- RECORDS FOR THIS EXERCISE -

^^^^^^^^^^^^^^^^

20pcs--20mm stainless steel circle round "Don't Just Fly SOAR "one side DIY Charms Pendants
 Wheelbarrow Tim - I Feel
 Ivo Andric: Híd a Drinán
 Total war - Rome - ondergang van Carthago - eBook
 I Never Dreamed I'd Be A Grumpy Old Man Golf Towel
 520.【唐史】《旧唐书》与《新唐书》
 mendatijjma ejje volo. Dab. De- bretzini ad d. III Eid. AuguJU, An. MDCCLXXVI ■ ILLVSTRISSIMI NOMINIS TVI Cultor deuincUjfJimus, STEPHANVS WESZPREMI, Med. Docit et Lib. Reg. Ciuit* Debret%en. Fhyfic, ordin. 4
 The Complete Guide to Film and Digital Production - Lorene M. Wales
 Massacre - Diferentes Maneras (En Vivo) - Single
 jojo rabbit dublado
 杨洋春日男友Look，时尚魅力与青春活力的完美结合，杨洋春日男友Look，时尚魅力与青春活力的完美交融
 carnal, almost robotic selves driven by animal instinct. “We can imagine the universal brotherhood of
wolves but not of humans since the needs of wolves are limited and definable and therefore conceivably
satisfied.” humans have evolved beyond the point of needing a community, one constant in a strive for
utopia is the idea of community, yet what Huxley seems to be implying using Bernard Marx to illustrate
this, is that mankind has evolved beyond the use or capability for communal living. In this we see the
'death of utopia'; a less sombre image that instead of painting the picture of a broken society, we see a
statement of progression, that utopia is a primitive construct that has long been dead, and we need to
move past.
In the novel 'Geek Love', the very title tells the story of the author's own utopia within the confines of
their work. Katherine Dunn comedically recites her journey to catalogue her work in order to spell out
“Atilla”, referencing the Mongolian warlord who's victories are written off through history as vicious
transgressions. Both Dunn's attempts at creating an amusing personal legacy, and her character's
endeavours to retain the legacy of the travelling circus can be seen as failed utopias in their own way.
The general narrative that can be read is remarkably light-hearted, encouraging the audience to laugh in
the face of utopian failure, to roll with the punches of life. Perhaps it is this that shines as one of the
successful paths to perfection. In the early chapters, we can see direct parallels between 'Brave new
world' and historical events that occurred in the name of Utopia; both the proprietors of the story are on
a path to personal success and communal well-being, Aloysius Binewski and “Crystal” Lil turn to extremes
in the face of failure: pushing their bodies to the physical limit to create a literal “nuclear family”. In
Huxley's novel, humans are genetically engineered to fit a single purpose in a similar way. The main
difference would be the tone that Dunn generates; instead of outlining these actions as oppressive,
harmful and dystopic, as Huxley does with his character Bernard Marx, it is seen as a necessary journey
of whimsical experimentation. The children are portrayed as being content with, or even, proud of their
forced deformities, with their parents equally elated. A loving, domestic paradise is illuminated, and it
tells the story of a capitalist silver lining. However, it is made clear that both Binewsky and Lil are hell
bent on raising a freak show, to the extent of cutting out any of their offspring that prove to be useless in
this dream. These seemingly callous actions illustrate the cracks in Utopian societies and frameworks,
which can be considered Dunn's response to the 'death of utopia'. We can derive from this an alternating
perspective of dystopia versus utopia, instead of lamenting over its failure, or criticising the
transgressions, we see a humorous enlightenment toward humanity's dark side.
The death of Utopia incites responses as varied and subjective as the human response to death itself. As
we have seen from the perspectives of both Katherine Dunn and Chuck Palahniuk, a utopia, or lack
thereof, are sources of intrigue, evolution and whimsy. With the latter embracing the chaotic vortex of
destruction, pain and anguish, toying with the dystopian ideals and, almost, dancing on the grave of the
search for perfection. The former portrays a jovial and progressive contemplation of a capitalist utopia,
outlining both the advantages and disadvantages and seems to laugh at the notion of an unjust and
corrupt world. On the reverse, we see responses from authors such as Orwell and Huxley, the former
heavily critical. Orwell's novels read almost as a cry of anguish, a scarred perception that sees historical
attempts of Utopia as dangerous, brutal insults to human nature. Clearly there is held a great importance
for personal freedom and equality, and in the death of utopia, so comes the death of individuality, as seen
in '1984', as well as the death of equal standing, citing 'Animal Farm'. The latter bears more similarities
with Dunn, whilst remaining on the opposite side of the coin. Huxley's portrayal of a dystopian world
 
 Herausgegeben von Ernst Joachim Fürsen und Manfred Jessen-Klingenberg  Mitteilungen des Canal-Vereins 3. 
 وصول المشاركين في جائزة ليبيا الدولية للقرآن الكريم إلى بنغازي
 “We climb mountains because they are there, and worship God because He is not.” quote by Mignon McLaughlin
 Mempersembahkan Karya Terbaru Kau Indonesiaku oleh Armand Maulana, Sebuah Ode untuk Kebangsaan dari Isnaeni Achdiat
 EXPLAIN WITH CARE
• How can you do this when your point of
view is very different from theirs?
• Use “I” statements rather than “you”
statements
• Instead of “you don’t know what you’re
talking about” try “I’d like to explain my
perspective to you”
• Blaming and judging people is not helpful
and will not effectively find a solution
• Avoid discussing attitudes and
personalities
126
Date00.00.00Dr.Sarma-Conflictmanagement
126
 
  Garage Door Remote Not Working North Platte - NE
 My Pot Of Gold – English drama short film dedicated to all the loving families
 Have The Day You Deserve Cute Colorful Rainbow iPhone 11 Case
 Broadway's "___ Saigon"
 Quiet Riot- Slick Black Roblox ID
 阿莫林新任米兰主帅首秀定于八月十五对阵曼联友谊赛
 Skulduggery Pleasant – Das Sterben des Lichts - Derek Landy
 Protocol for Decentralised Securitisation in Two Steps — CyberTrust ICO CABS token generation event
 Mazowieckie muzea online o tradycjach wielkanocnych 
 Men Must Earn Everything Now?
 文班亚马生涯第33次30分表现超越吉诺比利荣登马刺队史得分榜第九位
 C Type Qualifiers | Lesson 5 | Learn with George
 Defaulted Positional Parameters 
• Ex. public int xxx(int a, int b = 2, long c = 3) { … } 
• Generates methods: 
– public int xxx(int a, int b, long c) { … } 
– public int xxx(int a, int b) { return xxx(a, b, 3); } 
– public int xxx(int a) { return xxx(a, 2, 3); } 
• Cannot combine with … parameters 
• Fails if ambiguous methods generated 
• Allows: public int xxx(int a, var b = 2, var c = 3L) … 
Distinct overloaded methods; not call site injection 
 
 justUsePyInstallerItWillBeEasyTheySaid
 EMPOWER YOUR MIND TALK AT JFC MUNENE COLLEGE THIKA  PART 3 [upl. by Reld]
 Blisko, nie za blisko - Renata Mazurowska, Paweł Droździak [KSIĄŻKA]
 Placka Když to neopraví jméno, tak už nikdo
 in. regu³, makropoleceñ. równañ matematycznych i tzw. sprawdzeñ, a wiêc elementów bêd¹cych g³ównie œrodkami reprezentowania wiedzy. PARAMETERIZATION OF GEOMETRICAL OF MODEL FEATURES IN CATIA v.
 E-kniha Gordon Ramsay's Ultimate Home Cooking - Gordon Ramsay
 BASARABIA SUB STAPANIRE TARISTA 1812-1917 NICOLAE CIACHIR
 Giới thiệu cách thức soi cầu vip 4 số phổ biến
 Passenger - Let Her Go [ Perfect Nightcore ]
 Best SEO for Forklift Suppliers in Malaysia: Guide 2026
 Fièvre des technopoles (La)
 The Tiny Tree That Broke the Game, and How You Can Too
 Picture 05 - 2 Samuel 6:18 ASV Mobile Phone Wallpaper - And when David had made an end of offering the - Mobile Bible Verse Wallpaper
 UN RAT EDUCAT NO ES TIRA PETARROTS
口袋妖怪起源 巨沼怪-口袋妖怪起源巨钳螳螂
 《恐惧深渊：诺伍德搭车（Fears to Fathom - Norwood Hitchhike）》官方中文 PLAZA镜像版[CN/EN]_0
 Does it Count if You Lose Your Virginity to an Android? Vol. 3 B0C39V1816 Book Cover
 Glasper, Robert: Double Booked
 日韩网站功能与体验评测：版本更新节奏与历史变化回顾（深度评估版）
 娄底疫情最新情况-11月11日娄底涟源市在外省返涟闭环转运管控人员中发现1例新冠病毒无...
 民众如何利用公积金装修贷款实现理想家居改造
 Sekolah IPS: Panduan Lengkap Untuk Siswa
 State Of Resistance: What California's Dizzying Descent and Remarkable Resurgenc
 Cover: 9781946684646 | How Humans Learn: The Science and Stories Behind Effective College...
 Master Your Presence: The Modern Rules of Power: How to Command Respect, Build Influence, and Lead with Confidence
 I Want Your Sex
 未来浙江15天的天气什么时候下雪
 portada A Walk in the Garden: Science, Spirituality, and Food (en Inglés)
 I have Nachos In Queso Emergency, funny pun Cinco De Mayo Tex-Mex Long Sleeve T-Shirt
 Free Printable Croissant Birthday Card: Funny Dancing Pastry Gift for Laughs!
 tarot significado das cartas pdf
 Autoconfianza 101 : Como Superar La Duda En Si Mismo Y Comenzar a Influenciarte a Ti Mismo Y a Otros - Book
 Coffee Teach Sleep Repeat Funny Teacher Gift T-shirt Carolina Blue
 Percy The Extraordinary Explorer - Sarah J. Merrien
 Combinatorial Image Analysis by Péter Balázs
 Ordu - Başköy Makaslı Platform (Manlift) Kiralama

^^^^^^^^^^^^^^^^

- ABOUT THIS EXERCISE -
In the listing above, find the line with "BASARABIA SUB STAPANIRE" and the line with "日韩网站功能与体验评测：版本更新节奏与历史变化回顾（深度评估版）", then reproduce both and every line between them exactly.

- WRITTEN RESPONSE -
 BASARABIA SUB STAPANIRE TARISTA 1812-1917 NICOLAE CIACHIR
 Giới thiệu cách thức soi cầu vip 4 số phổ biến
 Passenger - Let Her Go [ Perfect Nightcore ]
 Best SEO for Forklift Suppliers in Malaysia: Guide 2026
 Fièvre des technopoles (La)
 The Tiny Tree That Broke the Game, and How You Can Too
 Picture 05 - 2 Samuel 6:18 ASV Mobile Phone Wallpaper - And when David had made an end of offering the - Mobile Bible Verse Wallpaper
 UN RAT EDUCAT NO ES TIRA PETARROTS
口袋妖怪起源 巨沼怪-口袋妖怪起源巨钳螳螂
 《恐惧深渊：诺伍德搭车（Fears to Fathom - Norwood Hitchhike）》官方中文 PLAZA镜像版[CN/EN]_0
 Does it Count if You Lose Your Virginity to an Android? Vol. 3 B0C39V1816 Book Cover
 Glasper, Robert: Double Booked
 日韩网站功能与体验评测：版本更新节奏与历史变化回顾（深度评估版）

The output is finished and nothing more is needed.